Upper Spencer Meetinghouse
In his book, The Life Of Elder John Smith, John Augustus Williams records the founding of the church at Upper Spencer as follows, "Spencer had been constituted about the year 1800 by Moses Bledsoe and John Bice on the basis of the Scriptures as the only creed of the Christian. The members of that church were generally separate Baptists; and though they had cordially entered into the general union in 1801, they attached very little importance to the five points of Calvinism, or, in fact, to any other speculative system of belief." (LOEJS, p.116).
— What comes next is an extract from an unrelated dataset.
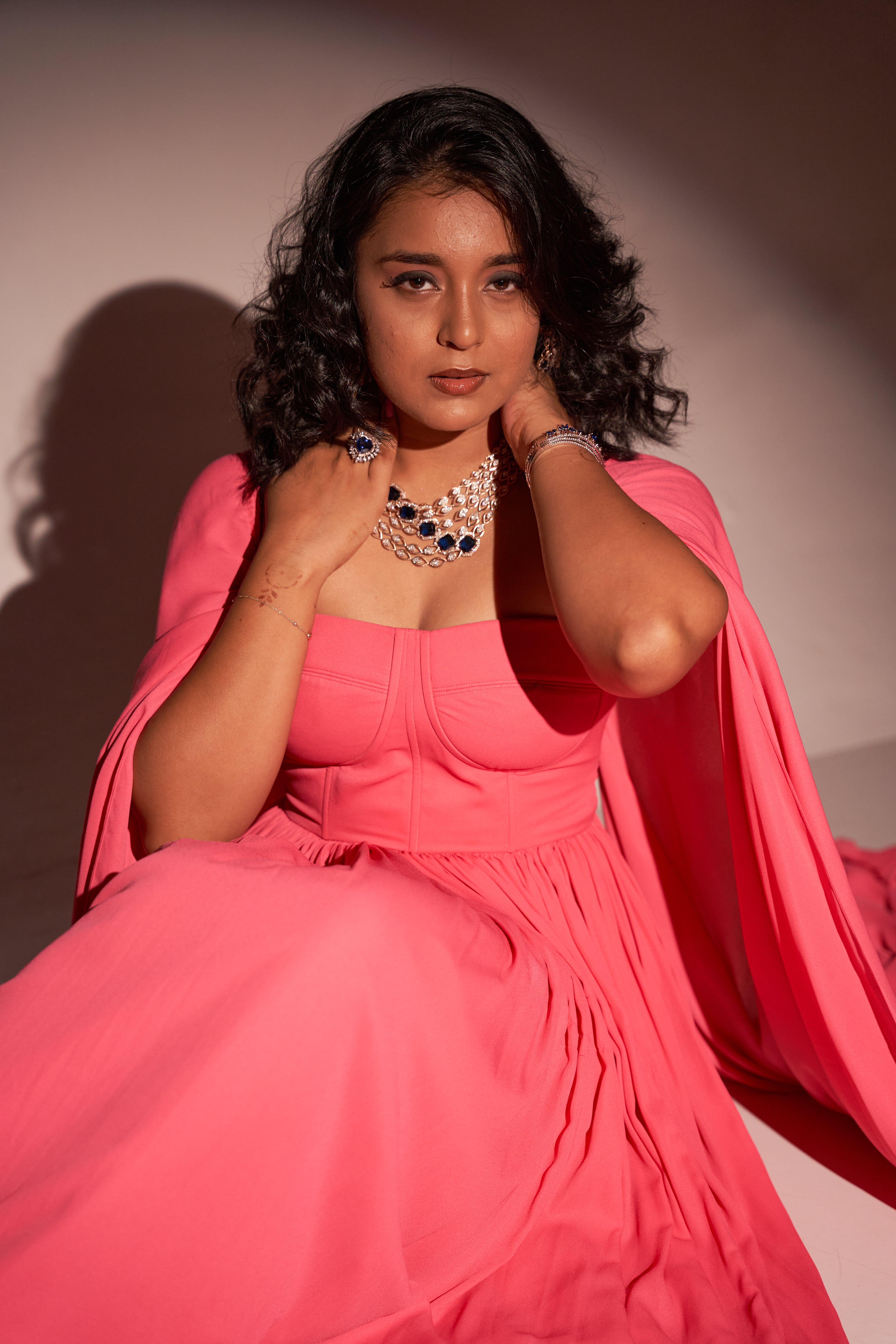 Flamingo Pink Dress With Shoulder Cape3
The work at Spencer's Creek was introduced to John Smith in 1817 when their minister, the great Jeremiah Vardeman, invited the young Smith to move to Montgomery County and take over the work. Smith left his home on the the Little South Fork near Parmleysville, in Wayne County, and moved to Montgomery to minister among the Baptist churches in the community. Spencer's Creek, Lulbegrud, Old Bethel, and Grassy Lick were the four that he began with. In time he preached at Mount Sterling and would plant a work north of town called, Somerset.
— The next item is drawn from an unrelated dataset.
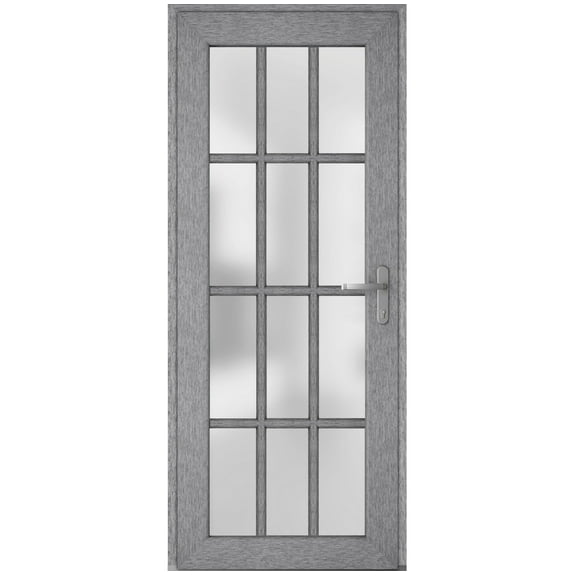 Front Exterior Prehung Metal-Plastic Door Frosted Glass / Manux 8312 Grey Ash / Office Commercial and Residential Doors Entrance Patio Garage 36" x 80" Left-hand Inswing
John Smith was a most unique person. He had very little, if any education to speak of, though he could read and write. Most of his reading was in the Bible itself. It was during his deep research in the Scriptures that he came to recognize that the cornerstone teachings of the church of his youth was out of step with the Word of God. On one Sunday morning in March 1822, while preaching at Spencer Creek, he said, "Brethren, something is wrong, I am in the dark, we are all in the dark, but how to lead you to the light, or to find the way myself, I know not." The struggle he greatly had was with the teachings of Calvinism. This doctrine played out particularly in the area of the "Holy Spirit experience" one received at conversion. Calvinists believe that God will send His Holy Spirit into the heart of an individual as a testimony they they have been irresistibly chosen for salvation. Smith noted that in John 3:16, "everyone who believeth, should not perish but have everlasting life." This appeared to convince him that this and other passages strongly refuted the idea that God had chose only a few for salvation irresistibly. Salvation was for all who made a choice to follow Jesus.
In time he led the church at Spencer's Creek to take the Bible alone as its final authority in all religious matters. He continued to preach for the church until 1832 when he undertook a work with John Rogers in spreading the message of unity between Reformed Baptists, (Disciples of Christ), and the Christian Movement in Kentucky, led by Barton W. Stone.
He was always close to the church on Spencer Creek. Years after the death of Smith, the church continued on Spencer's Creek. By the time of the 1906 U.S. Census, the work there was in the hands of the churches who used the instruments of music in worship. Later, the church would close the doors. In subsequent years, the non-instrument brethren would move back into the building and it remains the Upper Spencer Church of Christ to date.
The old church building is in a state of disrepair at this writing. Efforts are being made by the membership to restore the old building. Hopefully, it will be restored in short term, that it might continue to be a light to the community, and a landmark of testimony to the great work undertaken in the Restoration Movement in America.
Location Of Upper Spencer Church Of Christ
Mt. Sterling, Kentucky lies about 30 miles east of Lexington, Kentucky. On I-64, take Exit 113, the Owingsville Rd./Hwy. 647 and head south. Turn left on Indian Mound Dr./Hwy 686. Then, turn left on Spencer Rd./Co Rd. 713. The church building will be about two miles out on the left.